_Problem to solve_
Could you set down exactly the lines in the records below between the line holding "Uterus Drawing on a Woman" and the line holding "smells bad. Look", inclusive?

_Records from a dataset_
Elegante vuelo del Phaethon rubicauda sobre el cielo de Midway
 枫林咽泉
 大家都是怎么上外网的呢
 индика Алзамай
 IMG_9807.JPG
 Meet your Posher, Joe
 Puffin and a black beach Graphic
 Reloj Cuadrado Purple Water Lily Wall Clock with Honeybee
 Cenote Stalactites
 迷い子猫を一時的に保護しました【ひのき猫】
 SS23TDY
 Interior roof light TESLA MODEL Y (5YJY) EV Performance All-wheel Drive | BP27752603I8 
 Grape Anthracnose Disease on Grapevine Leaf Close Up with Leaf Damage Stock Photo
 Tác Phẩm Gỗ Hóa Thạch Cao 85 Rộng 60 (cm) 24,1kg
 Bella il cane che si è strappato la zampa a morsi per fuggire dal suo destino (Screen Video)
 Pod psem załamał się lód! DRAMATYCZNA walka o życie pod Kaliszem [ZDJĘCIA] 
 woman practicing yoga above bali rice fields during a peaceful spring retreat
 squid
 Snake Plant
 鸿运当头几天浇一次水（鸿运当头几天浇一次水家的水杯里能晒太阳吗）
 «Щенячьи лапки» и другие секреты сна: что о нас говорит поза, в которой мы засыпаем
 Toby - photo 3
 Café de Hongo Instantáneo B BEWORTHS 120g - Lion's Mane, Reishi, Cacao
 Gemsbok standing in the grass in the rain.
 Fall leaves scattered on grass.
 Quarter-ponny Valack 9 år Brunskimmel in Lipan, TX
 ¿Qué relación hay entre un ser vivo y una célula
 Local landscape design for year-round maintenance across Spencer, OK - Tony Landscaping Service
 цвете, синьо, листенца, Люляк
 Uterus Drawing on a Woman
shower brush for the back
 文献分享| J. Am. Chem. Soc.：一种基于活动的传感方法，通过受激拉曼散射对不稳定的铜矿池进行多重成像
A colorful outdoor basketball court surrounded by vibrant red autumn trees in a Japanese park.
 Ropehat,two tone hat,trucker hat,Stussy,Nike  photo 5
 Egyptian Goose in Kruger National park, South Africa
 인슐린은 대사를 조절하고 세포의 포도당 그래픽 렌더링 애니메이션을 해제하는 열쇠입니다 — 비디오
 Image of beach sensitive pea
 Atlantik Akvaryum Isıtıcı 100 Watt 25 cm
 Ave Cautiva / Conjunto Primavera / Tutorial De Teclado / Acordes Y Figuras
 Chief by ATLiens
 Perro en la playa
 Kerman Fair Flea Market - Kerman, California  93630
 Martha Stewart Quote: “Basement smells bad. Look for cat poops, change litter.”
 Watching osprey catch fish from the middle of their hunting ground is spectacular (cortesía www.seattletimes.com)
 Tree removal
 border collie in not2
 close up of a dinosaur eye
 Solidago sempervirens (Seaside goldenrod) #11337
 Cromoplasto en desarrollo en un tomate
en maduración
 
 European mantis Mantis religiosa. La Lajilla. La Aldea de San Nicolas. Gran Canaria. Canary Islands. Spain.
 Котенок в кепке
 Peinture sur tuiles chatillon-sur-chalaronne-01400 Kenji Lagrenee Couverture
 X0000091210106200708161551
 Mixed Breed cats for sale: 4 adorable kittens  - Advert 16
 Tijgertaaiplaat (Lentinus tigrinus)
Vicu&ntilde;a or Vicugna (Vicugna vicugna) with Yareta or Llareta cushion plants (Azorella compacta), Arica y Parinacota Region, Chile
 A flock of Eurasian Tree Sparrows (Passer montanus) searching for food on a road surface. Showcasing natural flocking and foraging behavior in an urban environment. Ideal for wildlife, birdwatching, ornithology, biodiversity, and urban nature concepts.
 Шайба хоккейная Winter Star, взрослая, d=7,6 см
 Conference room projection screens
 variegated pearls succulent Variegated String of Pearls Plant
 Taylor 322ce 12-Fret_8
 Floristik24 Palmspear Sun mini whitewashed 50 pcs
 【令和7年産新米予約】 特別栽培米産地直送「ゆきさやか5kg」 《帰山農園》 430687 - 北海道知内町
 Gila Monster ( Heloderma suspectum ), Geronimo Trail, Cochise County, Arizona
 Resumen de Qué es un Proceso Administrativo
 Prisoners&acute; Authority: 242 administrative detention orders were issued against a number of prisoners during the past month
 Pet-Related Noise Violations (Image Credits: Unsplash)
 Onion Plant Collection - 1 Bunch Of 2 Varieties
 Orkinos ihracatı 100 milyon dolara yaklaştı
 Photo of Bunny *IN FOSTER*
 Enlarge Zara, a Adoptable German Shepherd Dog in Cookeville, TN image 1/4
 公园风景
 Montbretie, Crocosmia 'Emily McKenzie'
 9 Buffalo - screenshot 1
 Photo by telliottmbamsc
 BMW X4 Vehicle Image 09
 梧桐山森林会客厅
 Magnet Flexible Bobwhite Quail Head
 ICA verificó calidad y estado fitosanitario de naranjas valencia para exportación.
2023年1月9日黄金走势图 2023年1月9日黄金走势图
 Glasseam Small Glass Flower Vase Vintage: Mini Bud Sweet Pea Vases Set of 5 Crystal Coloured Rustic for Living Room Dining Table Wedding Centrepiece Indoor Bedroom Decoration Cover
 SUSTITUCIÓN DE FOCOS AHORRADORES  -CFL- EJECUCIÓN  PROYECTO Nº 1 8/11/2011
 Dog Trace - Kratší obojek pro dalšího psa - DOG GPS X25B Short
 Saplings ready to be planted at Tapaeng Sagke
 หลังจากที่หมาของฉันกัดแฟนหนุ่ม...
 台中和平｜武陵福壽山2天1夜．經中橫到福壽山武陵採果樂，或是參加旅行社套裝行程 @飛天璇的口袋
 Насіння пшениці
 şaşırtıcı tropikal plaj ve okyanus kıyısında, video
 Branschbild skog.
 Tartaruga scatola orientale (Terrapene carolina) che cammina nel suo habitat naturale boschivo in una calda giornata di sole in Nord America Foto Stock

_Solution_
 Uterus Drawing on a Woman
shower brush for the back
 文献分享| J. Am. Chem. Soc.：一种基于活动的传感方法，通过受激拉曼散射对不稳定的铜矿池进行多重成像
A colorful outdoor basketball court surrounded by vibrant red autumn trees in a Japanese park.
 Ropehat,two tone hat,trucker hat,Stussy,Nike  photo 5
 Egyptian Goose in Kruger National park, South Africa
 인슐린은 대사를 조절하고 세포의 포도당 그래픽 렌더링 애니메이션을 해제하는 열쇠입니다 — 비디오
 Image of beach sensitive pea
 Atlantik Akvaryum Isıtıcı 100 Watt 25 cm
 Ave Cautiva / Conjunto Primavera / Tutorial De Teclado / Acordes Y Figuras
 Chief by ATLiens
 Perro en la playa
 Kerman Fair Flea Market - Kerman, California  93630
 Martha Stewart Quote: “Basement smells bad. Look for cat poops, change litter.”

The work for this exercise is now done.